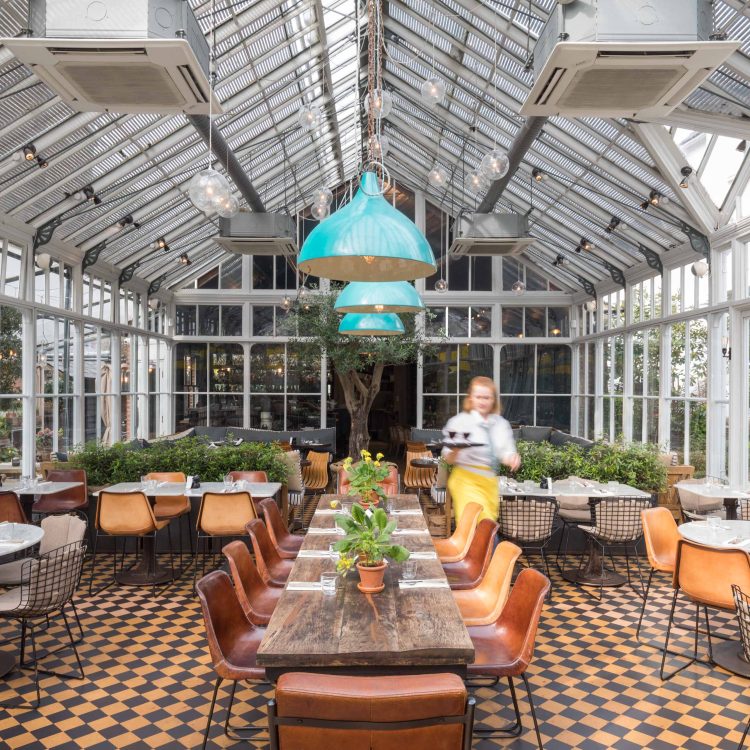 0006 - 2019 - Gees Restaurant & Bar - Oxford - High Res - Conservatory Dining (Press Web)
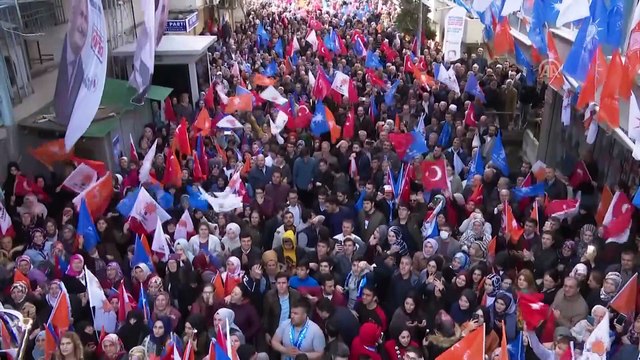 Binali Yıldırım, AK Parti Bahçelievler İlçe Başkanlığı önünde otobüs üzerinden vatandaşlara hitap etti - İSTANBUL
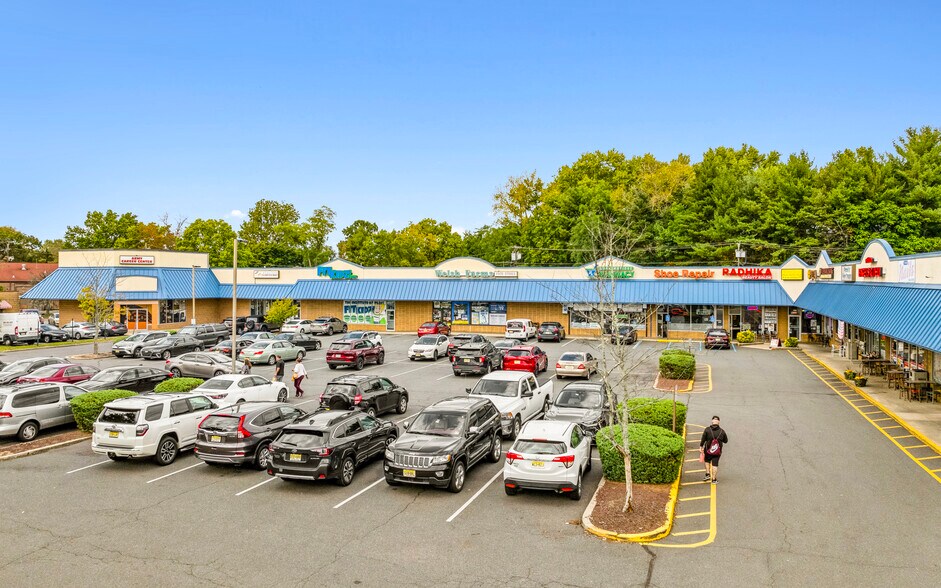 20-116 Flock Rd, Mercerville, NJ à louer - Photo de l’immeuble – Image 3 sur 7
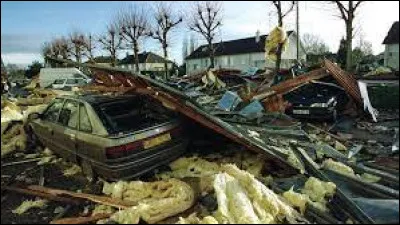 Catastrophe : Comment se sont appelés les deux tempêtes qui ont frappé la France fin décembre 1999 ?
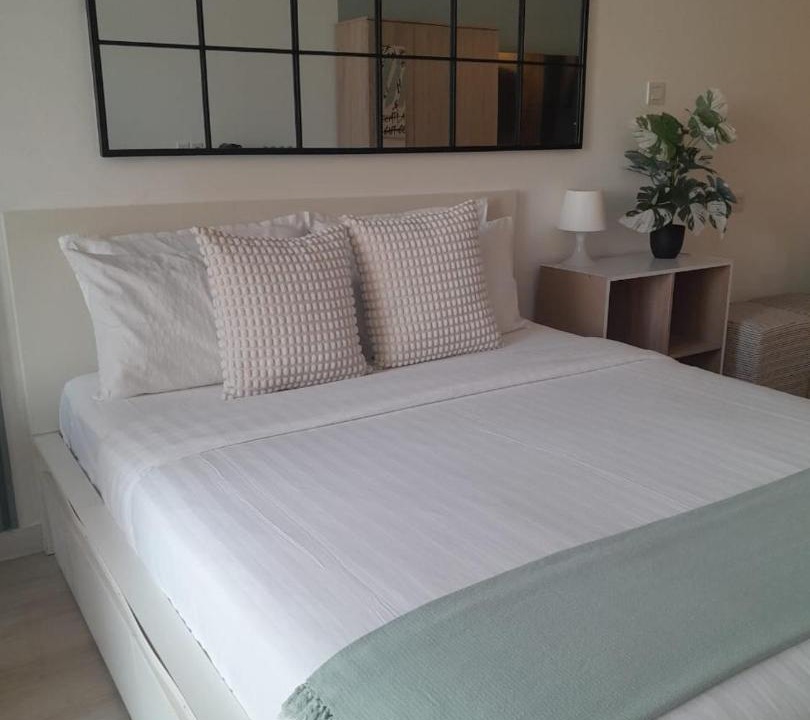 Palm Jumeirah Apartment | Work from Palm I Weekly Deal I Fast WiFi 319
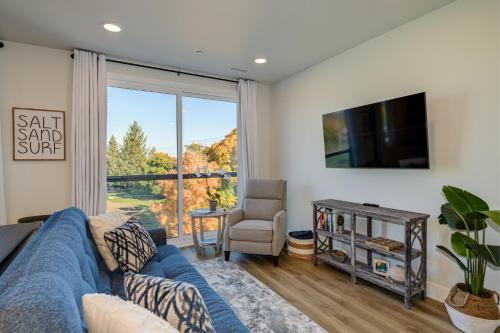 Walk to Beach Penthouse Condo in Traverse City! in Traverse City, USA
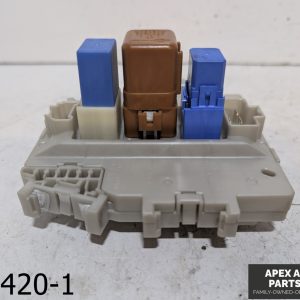 OEM 2003-2004 Infiniti M45 4.5L Engine Fuse Box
━━━━━━━━━━━━━━━━━━━━
# [WORK INSTRUCTIONS]
Your task is to reproduce exactly the lines from the start of the data above through the line containing "Palm Jumeirah Apartment", leaving every picture out.

# [OUTPUT OF THE TASK]
 0006 - 2019 - Gees Restaurant & Bar - Oxford - High Res - Conservatory Dining (Press Web)
 Binali Yıldırım, AK Parti Bahçelievler İlçe Başkanlığı önünde otobüs üzerinden vatandaşlara hitap etti - İSTANBUL
 20-116 Flock Rd, Mercerville, NJ à louer - Photo de l’immeuble – Image 3 sur 7
 Catastrophe : Comment se sont appelés les deux tempêtes qui ont frappé la France fin décembre 1999 ?
 Palm Jumeirah Apartment | Work from Palm I Weekly Deal I Fast WiFi 319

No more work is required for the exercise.